La indiferencia frente a la vida, descargando las propias responsabilidades en las estructuras, burocracias… lo que produce un colapso moral.
Actualmente, el Papa Francisco viene profundizando en la globalización de la indiferencia señalando que “para poder sostener un estilo de vida que excluye a otros, o para poder entusiasmarse con ese ideal egoísta, se ha desarrollado una globalización de la indiferencia. Casi sin advertirlo, nos volvemos incapaces de compadecernos ante los clamores de los otros, ya no lloramos ante el drama de los demás ni nos interesa cuidarlos, como si todo fuera una responsabilidad ajena que no nos incumbe. La cultura del bienestar nos anestesia…” (Evangelii gaudium, 54)
Si volvemos al hombre y la mujer del siglo XXI y, en particular a los que optan por poner su confianza en Trump, en Marine Le Pen…. ¿no son un reflejo de esa deshumanización?, ¿un exponente de la globalización de la indiferencia?, una forma de idolatría que pone su confianza en el poder del dinero, de la fuerza, de la violencia…. para mantener su bienestar.

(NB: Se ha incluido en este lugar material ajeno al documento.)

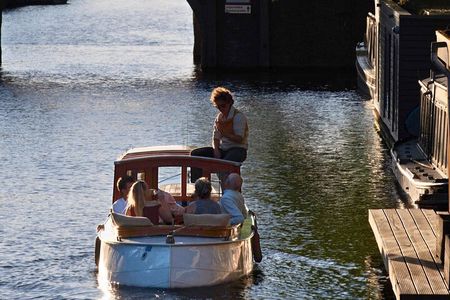 Bespoke Private Amsterdam Hidden Gems Canal Cruise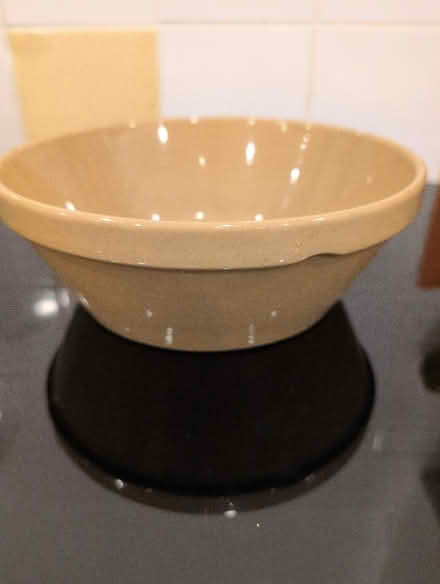 Photo of free Brown earthenware bowl (Eastcote HA5) #1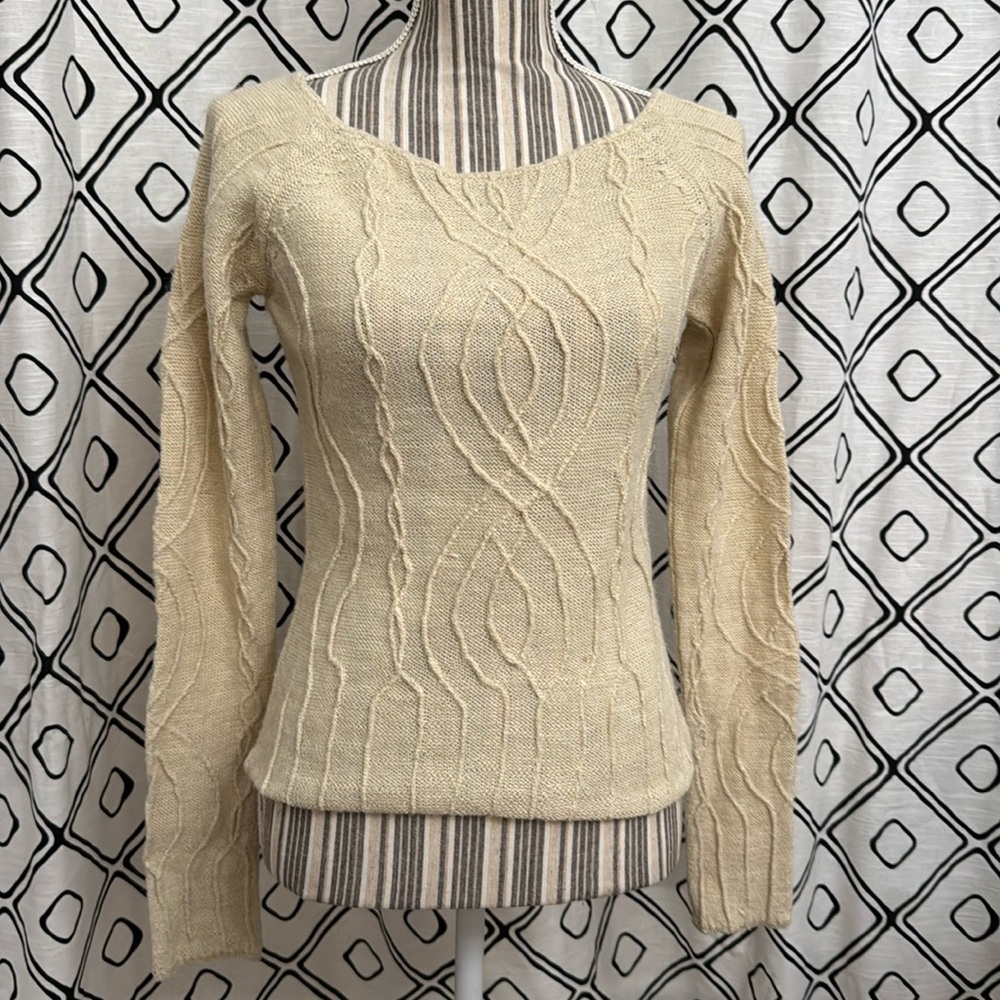 Free People sweater size M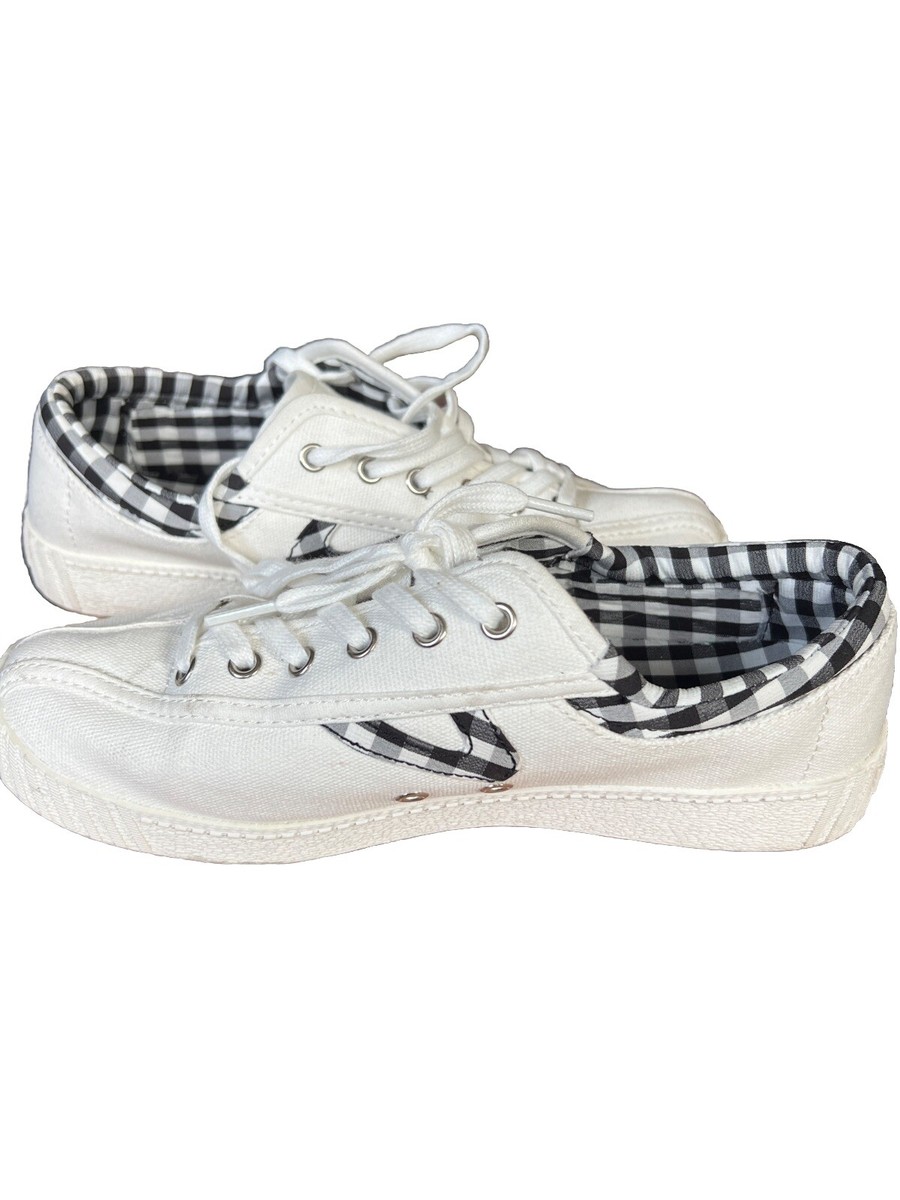 Athletic Shoes Plaid Tretorns NWT Tretorn Sneakers Women's White
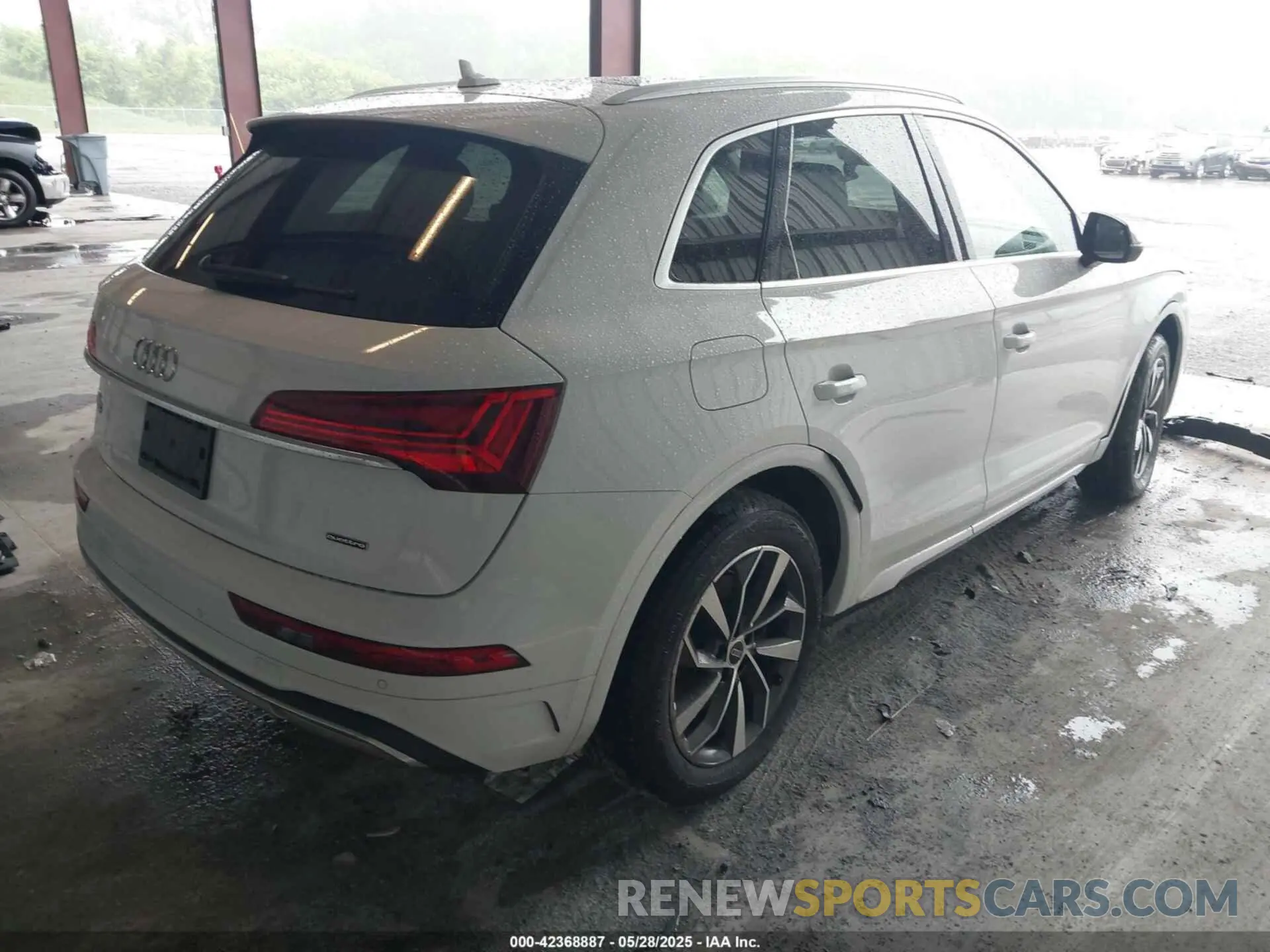 4 Фотография поврежденного автомобиля WA1BAAFY0M2127179 AUDI Q5 2021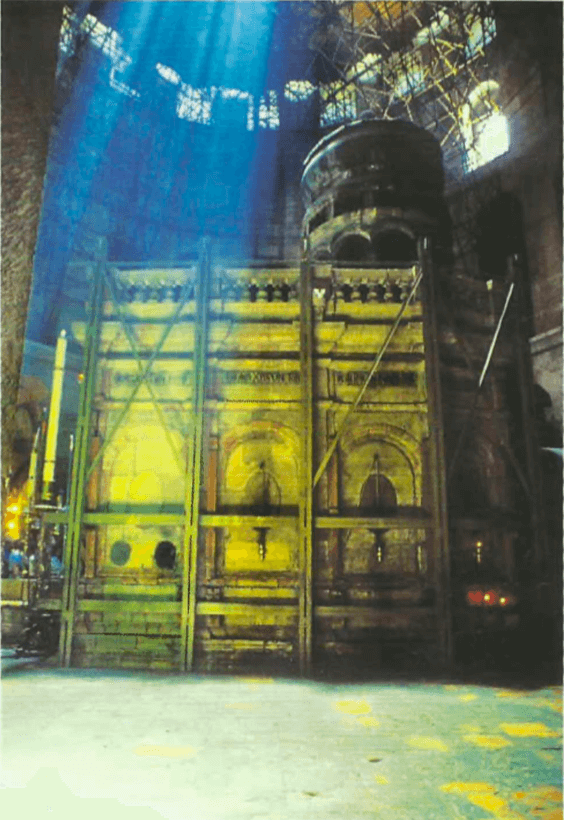 Interior da Igreja do Santo Sepulcro, em Jerusalém.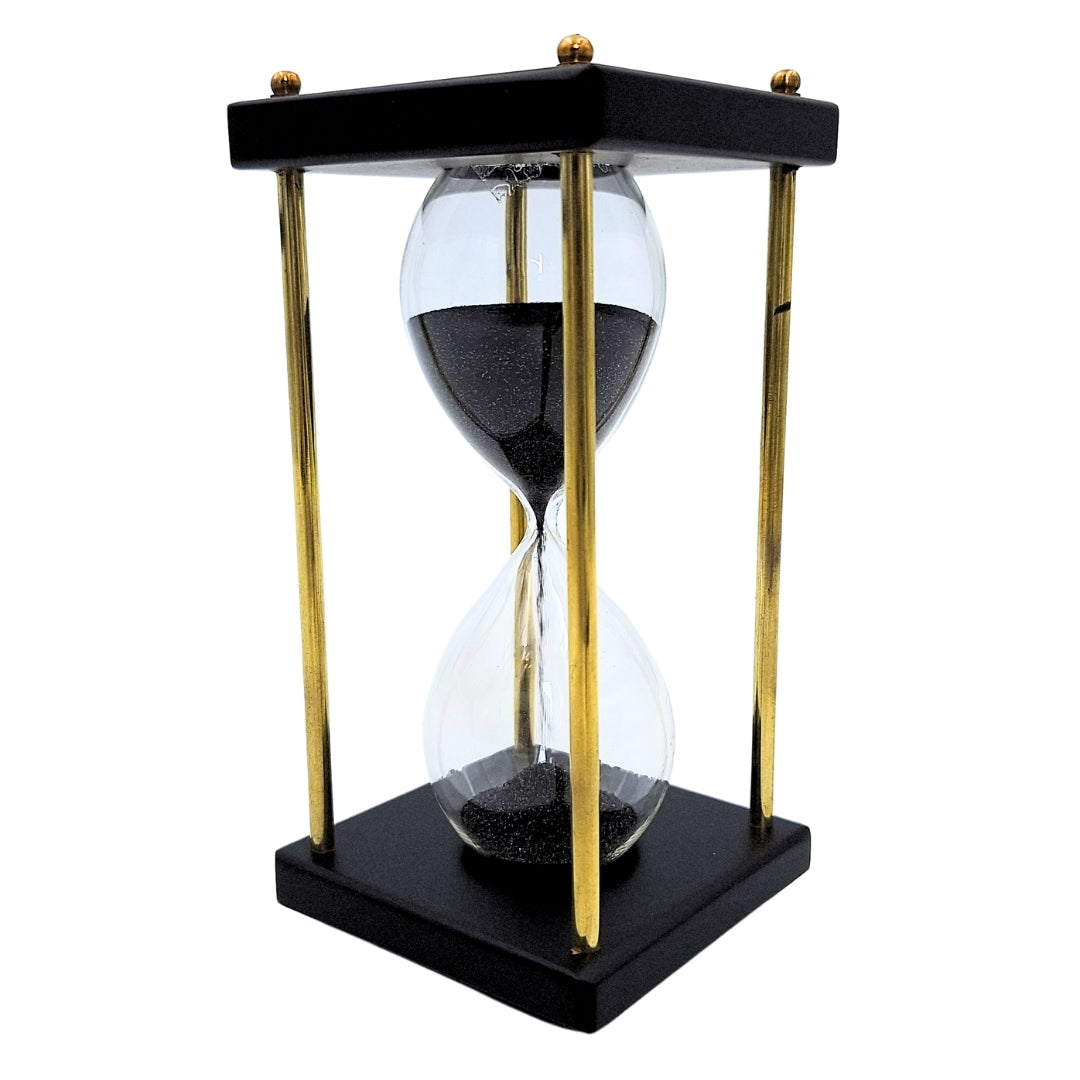 Ampulheta de Latão e Madeira 5 minutos com Areia Preta com Possibilidade de Personalização por Gravação – Decoração Retro Elegante para Presente com Altura de 16 cm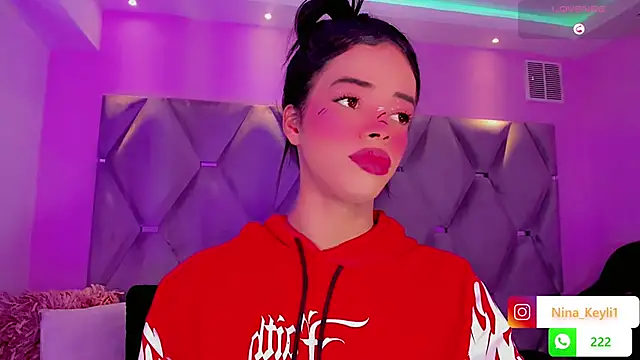 Nina Keyli online show from 11/22/25, 07:57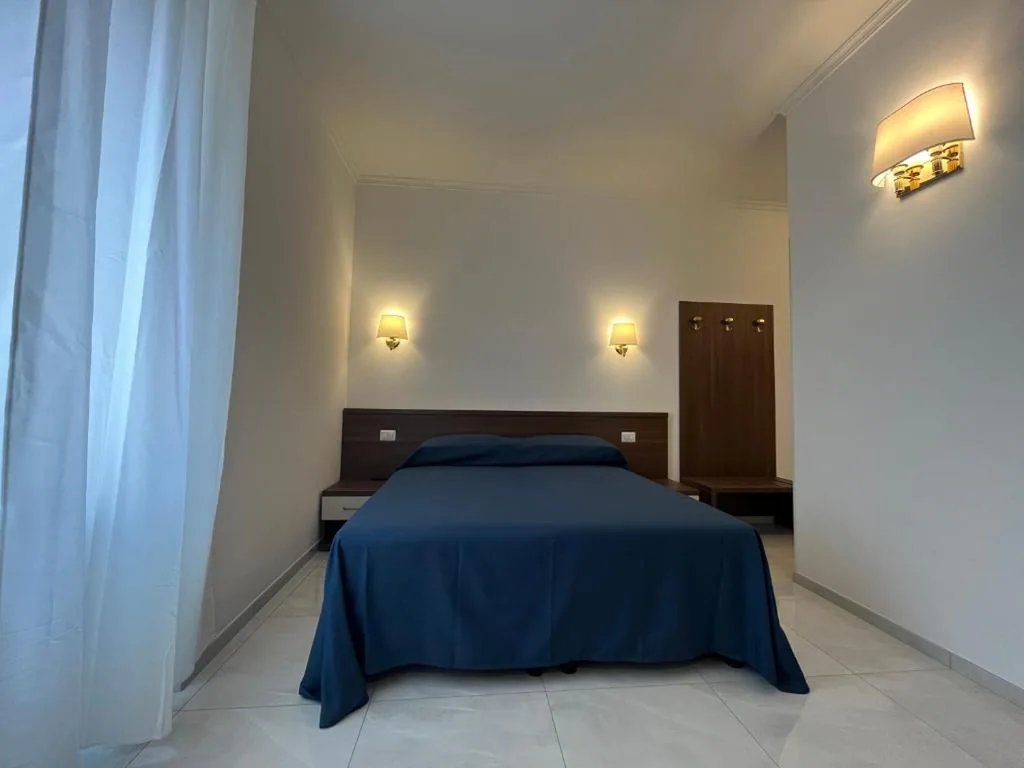 Camera Matrimoniale con Bagno Privato — Giovanni Guest House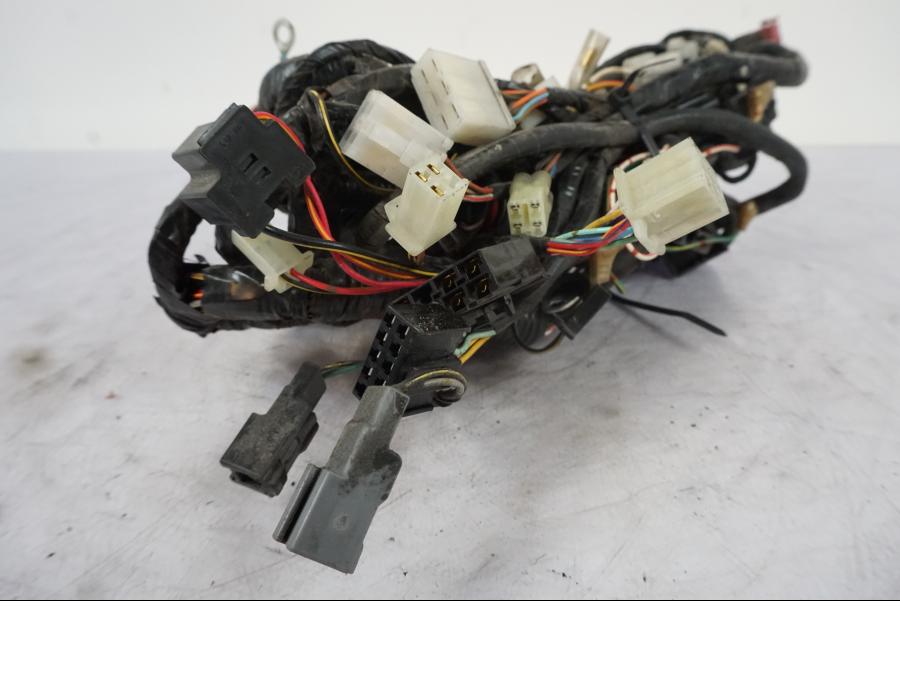 Snett uppifrån på Kabelstam från en Kawasaki VN 1500 -2003 motorcykel.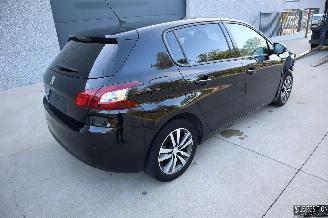 Peugeot 308 1.2 BENZ picture 3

Volver a la senda del humanismo se ha convertido en uno de los desafíos más importantes para nuestra propia supervivencia; pero ello no será posible si no somos capaces de formar personas con objetivos vitales distintos a los de la cultura capitalista. Mientras tanto, el sistema seguirá funcionando proponiéndonos alternativas políticas diferentes, aparentemente enfrentadas, pero que tratarán de convencernos de las bondades del sistema recurriendo a estrategias diferentes: la seducción, el miedo o la violencia.
***
[1] Erich Fromm: Anatomía de la destructividad humana, pág. 362
[2] Adorar en vez de a Dios las propias obras -una cosa, un objeto exterior- y transferirle la vivencia de sus propias actividades o de sus propias experiencias
[3] Situación en la que el hombre se pierde y deja de sentirse el centro de su actividad, se convierte en cosa y está dominado por las cosas.